SUPPLIED ENTRIES>
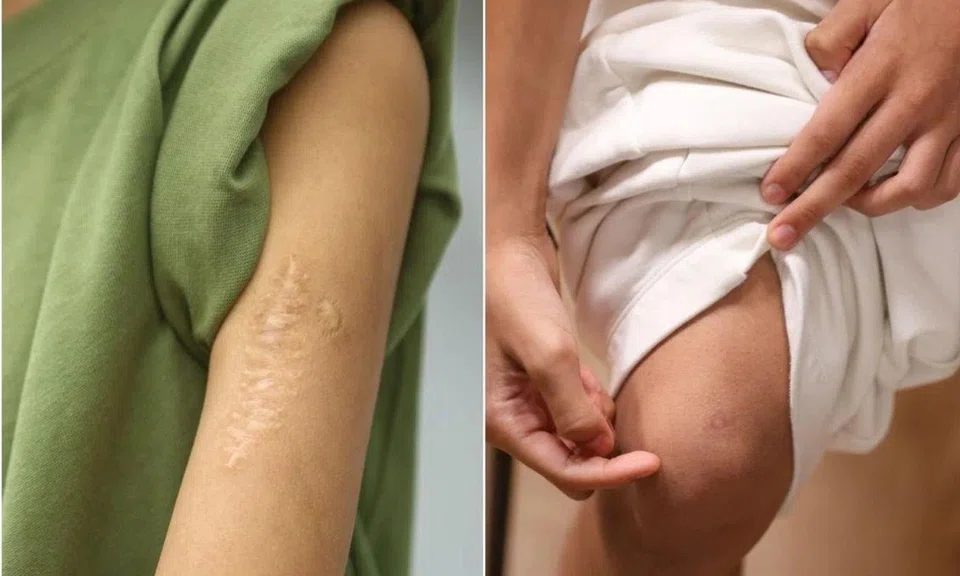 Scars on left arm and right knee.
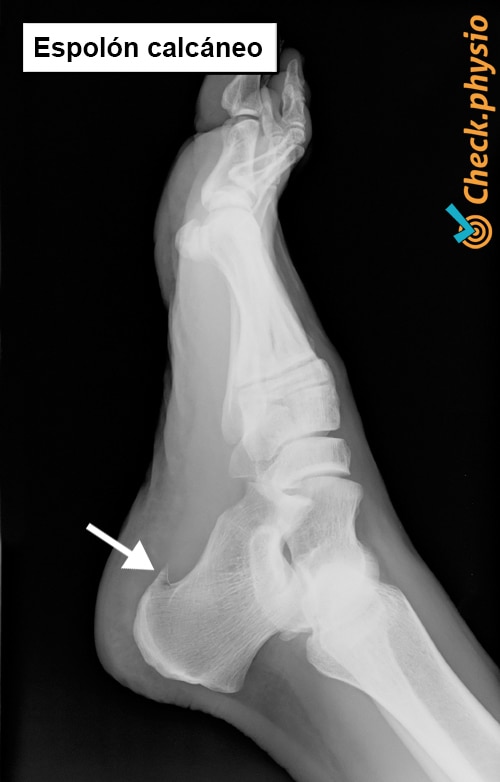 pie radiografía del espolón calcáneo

---

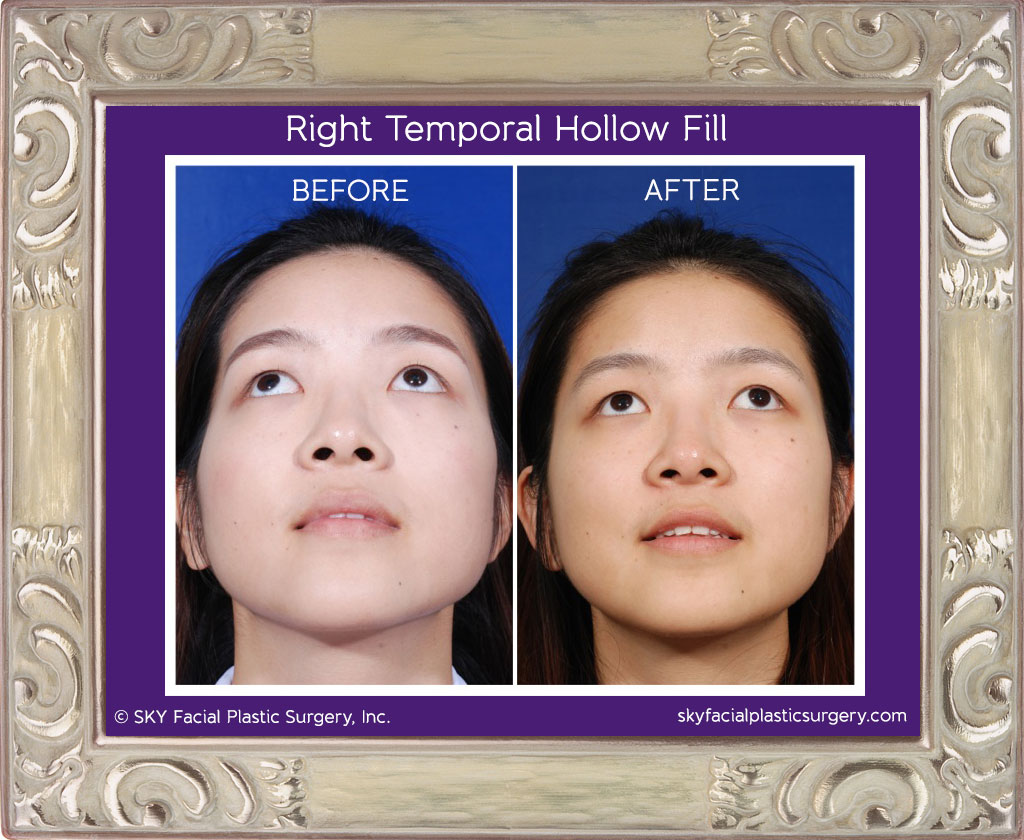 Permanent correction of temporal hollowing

YOUR TASK> Only the lines above from the one containing "Scars on left arm and right knee." through the one containing "pie radiografía del espolón calcáneo" should be returned, verbatim and inclusive, with pictures excluded.

SOLUTION FOR THIS TASK>
 Scars on left arm and right knee.
 pie radiografía del espolón calcáneo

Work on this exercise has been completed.